Medical misogyny is a term that has been used to describe female patients experiencing sexism within a medical environment.
This has ranged from a lack of concern from medical staff towards female patients during medical procedures and appointments, to women feeling unsafe, rather than protected in the hands of medical staff.
This is not a term that has recently surfaced, but rather goes back to early childbirth practises where, in the most alarming cases, women have described themselves as feeling helpless and involuntarily passive during their most distressing moments.
Where safety should be a number one concern, women have felt that their judgement and consent is irrelevant to those whose job it is to care for them and listen to their concerns.
Research from Livi, mentioned in Victoria Holloway’s Miss Diagnosed handbook states that:
‘34% of women believe that their doctor has previously failed to take their symptoms and health concerns seriously’.
‘And, over half (57%) of women have felt they weren’t diagnosed correctly after visiting a healthcare professional’.
Considering this, how is medical misogyny still being allowed to continue today?
In light of recent events concerning medical sexism, The University of California Berkeley, conducted a study testing a range of popular Tampon brands. Researchers discovered up to 16 types of poisonous metals and toxins within mainstream Tampons, including Lead and Arsenic; substances that are known to cause harm.
Whilst researchers have stated that this is amongst the first studies to be conducted on Tampons and more research is needed to analyse the specific Tampon brands and long-term implications, this news is alarming, nonetheless.
The study also involved testing on brands that produce organic Tampons, which shockingly led to the same results. The organic menstrual products that were tested on also showed a presence of toxic metals. This demonstrates that the organic label on Tampons does not equal harmless, as consumers sometimes conclude.
Such results have occurred due to Tampons being labelled by the FDA (Food and Drug Administration) as ‘medical devices’, meaning that testing regulations are shockingly not strictly enforced during production.
What do the results of this study conclude for women’s health, then?
The vaginal wall is a highly absorbent part of a woman’s body, meaning that these poisonous metals could potentially make their way into the bloodstream. Which, with large numbers of women using Tampons monthly, could lead to long-term serious health complications. Berkeley Public Health have stated that ‘Metals have been found to increase the risk of dementia, infertility, diabetes, and cancer’.
Having been recently made aware to the public, many women have expressed their outrage upon learning about the negative effects that these everyday menstrual products could be having on their health.
Although the specific Tampon brands have not been named in the study, it’s not hard to guess which popular manufacturers are being critiqued for their dismissal of women’s health. The only Tampon brand that shared a response to the study was Aunt Flow, producing an article on July 15th that mentioned how they prioritise safety measures during their Tampon manufacturing process.

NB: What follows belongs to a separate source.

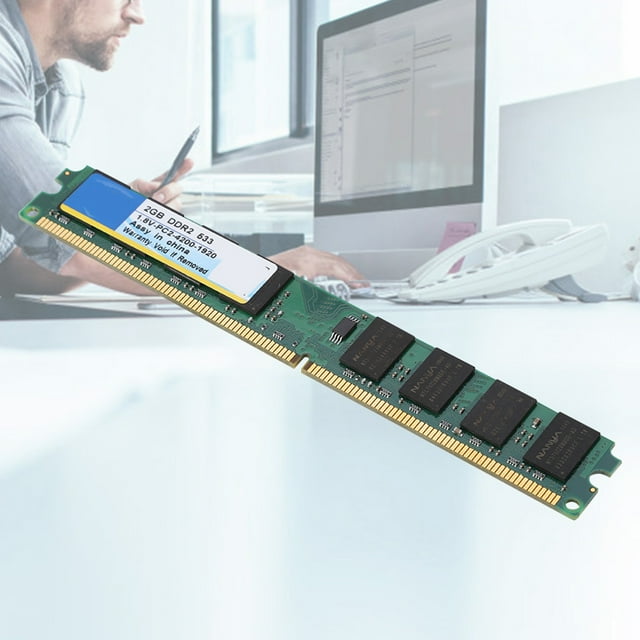 DDR2 Memory, DDR2 533MHz RAM Circuit Module Board 533MHz Stable 2G Capacity Portable For Desktop Motherboard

To gain insight into a rooted healthcare professional’s thoughts on the topic of medical misogyny, Panelle’s Yoyi Clark spoke to Dr. Ashwini Pandit, an experienced dentist with a well-established career in the hospital and healthcare industry. Dr. Ashwini Pandit provided a beautifully written reflection on the subject:
"From White Coats to Listening Ears,
The image of the all-knowing doctor in a white coat is a symbol of authority and trust. But for many women, this figure represents something far more complex—a gatekeeper to care who may not always listen.
Studies have shown that women are more likely to have their symptoms dismissed or misattributed to psychological causes, a phenomenon that has been dubbed the "Yentl Syndrome." When women don’t fit the male-centered model of diagnosis, their health concerns are often seen as trivial or imaginary.
Innovation in healthcare isn’t just about the latest technology or treatment—it’s about redefining the doctor-patient relationship. What if the most groundbreaking innovation was as simple as listening? A shift towards patient-centered care, where doctors truly listen and validate women’s experiences, could be revolutionary in its simplicity.
In medical education, empathy should be taught as rigorously as anatomy.
We need doctors who are trained not just to diagnose, but to listen without judgment, to recognize their own biases, and to treat women as whole individuals with complex problems’.
Indeed, the time has come for healthcare professionals to show an understanding rather than an ignorance towards women’s health.
Considering the efforts that have been made to give women the healthcare they deserve, in April this year, Dr. Sue Mann was appointed as the first NHS National Clinical Director for Women’s Health. Published on the NHS website, Mann states,
‘Having spent my career researching, treating, and developing policy and initiatives focused on women’s health, I have seen firsthand the challenges many women face’.
‘While our understanding and treatment of women’s healthcare has come a long way, we know there is still a lot more we need to do, and I am excited to be able to play a role in that as the first national clinical director for women’s health".
We have finally begun to see women being put in charge of women’s health across multiple health organisations, which has been amazing to see. This is the action that is needed for women’s health struggles to be truly acknowledged and related to.
Whilst progress has been made, there is still a lot more that needs to be done to eradicate medical misogyny.
Let’s focus on closing the gender health gap for once and for all!